There was an odd sense of tension between Gabrielle and I for the next few weeks. It was like as if we shared a secret that, if spoken aloud, would condemn us. If we ever exchanged any words between ourselves it would be for in the morning and evening greetings, calls, and schedule updates.
It was a late night near the end of April when I saw Michael standing outside of my front door. I was walking in heels after my bus had dropped me off, and my light Spring jacket rhythmically bounced off of my bag as I quickly walked down the dark sidewalk. When I had first seen him waiting I had slowed my pace. He hadn't noticed me and I could leave him waiting there forever, but I knew I couldn't do that. I gently gave my mind a pep talk and swallowed a giant breath.
He heard me before he saw me and I immediately saw his back relax under his coat. I felt my heart beat irregularly as he slowly turned around and stared at me. His eyes were shadows on my porch, but his smile was small and forgiving.
I bit my lower lip.
His cheeks were slightly red from the unknown amount of time that he had been waiting and his long, thin neck was loosely covered by a burgundy scarf. His hands were in his pockets and his stance was powerful, final on the wooden planks of my porch.
I must have been quite the sight to my neighbors, standing there waiting for something to happen. I could feel the heat that had arisen the first time that I had met Michael come back into my heart. I quietly took one step onto the wooden stairs and allowed my other foot to follow. Several repeats of this tiring action led me until I was in front of him. His hair appeared just as rough as it had always been and the tiny freckle under his left eye remained as well, as if awaiting my return.
He kissed me first.
It wasn't a hungry kiss, or the type that makes you swoon until you forget all else. It was an honest kiss. It didn't lie and tell me that everything would be okay; that tomorrow everything would be different. He spoke his words through my lips, making my brain hurt with the knowledge, but making my heart paralyze my mind in a fearless fight to enjoy the moment. He was here and he wouldn't leave. Until tomorrow. Or later tonight.
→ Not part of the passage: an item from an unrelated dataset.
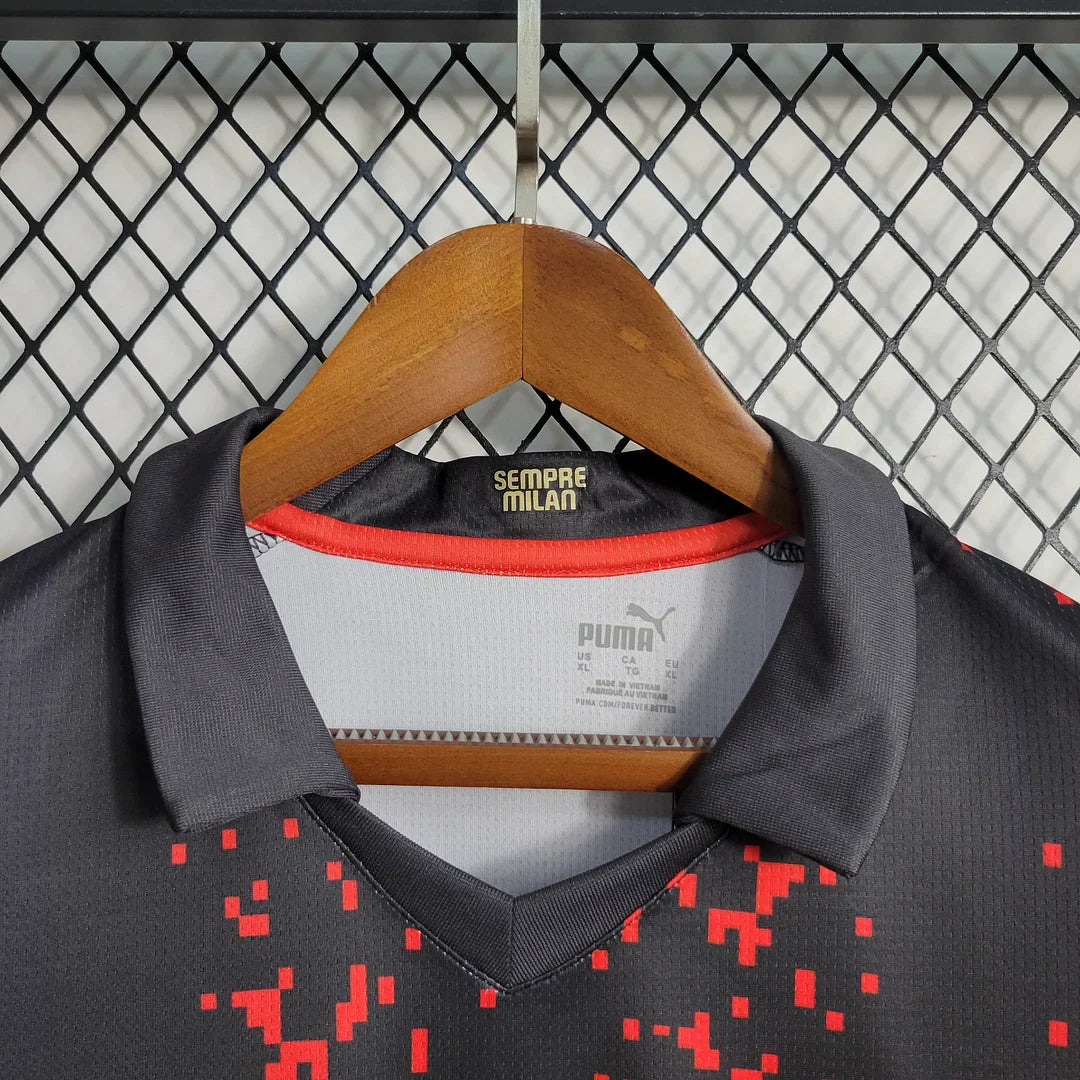 2022/2023 AC Milan Fourth Away Football Shirt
In an instant my arms were around him and he had picked me up gently into his arms. The tickle of our breath merged together to radiate our own heat and my hair came loose from its wide clip, falling down in waves of tightly curled hair. I could feel the stubble around his mouth burning scars onto my lips and his hair stuck naturally to my fingers. I heard him close the front door and toss my bag and jacket aside. I felt his grip tighten on me as he took me one step at a time up the stairs. We fell on my bed, his mouth on my ear.
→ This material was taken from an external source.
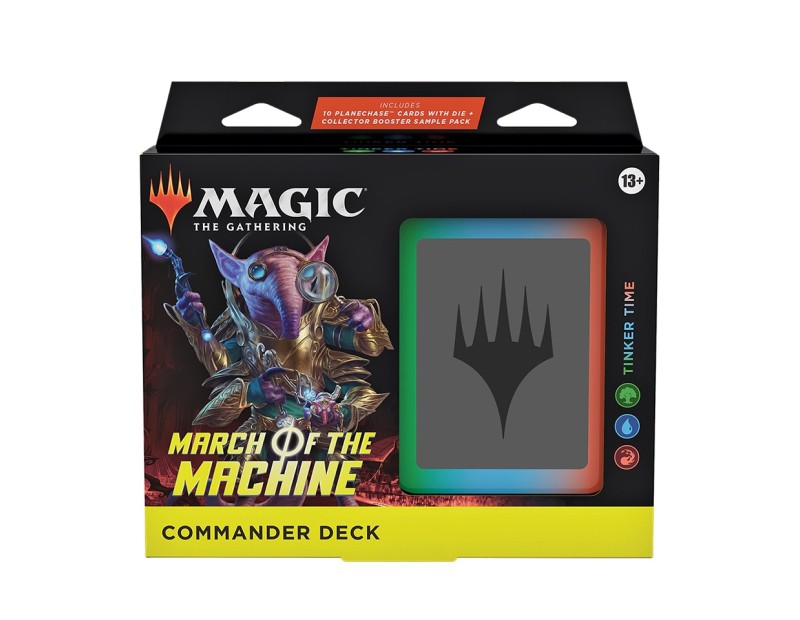 March of the Machine Commander Deck (Tinker Time)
"I missed you." He whispered.
"You shouldn't be here." I spoke without any meaning.
"I know." He continued to kiss my neck while muffling out several words. "But...couldn't...forget...needed...you."
I closed my eyes and brought him closer to me with my arms, forging our souls together. "This can't happen again."
I knew I would kick myself later for saying these words, but at the moment I didn't mean any of them. I let my heart speak instead of my brain and I knew that this would be my ultimate downfall.
"I know." He continued. He had gently lifted my shirt to reveal my belly button and he kissed it softly. "This will be our last night, I promise."
Sadness and reality intermingled and fell upon me. I could feel the prickle of tears forming in the corner of my eyes and I nodded. I knew that this could not be repeated, this was our last night, our last love filled fantasy. He rose up to my mouth and pecked it gently, barely touching my lips. I shivered softly as he took off his shirt, the image of the line of hair leading down towards his pants forced me to take mental pictures of what I saw. Soft flakes of grayish, blond hair kissed his chest and muscles rippled as he leaned down to kiss me once more.
After all of this, my reality became opaque--blackness covered my eyes as I let the world that I had once abandoned take me over once more.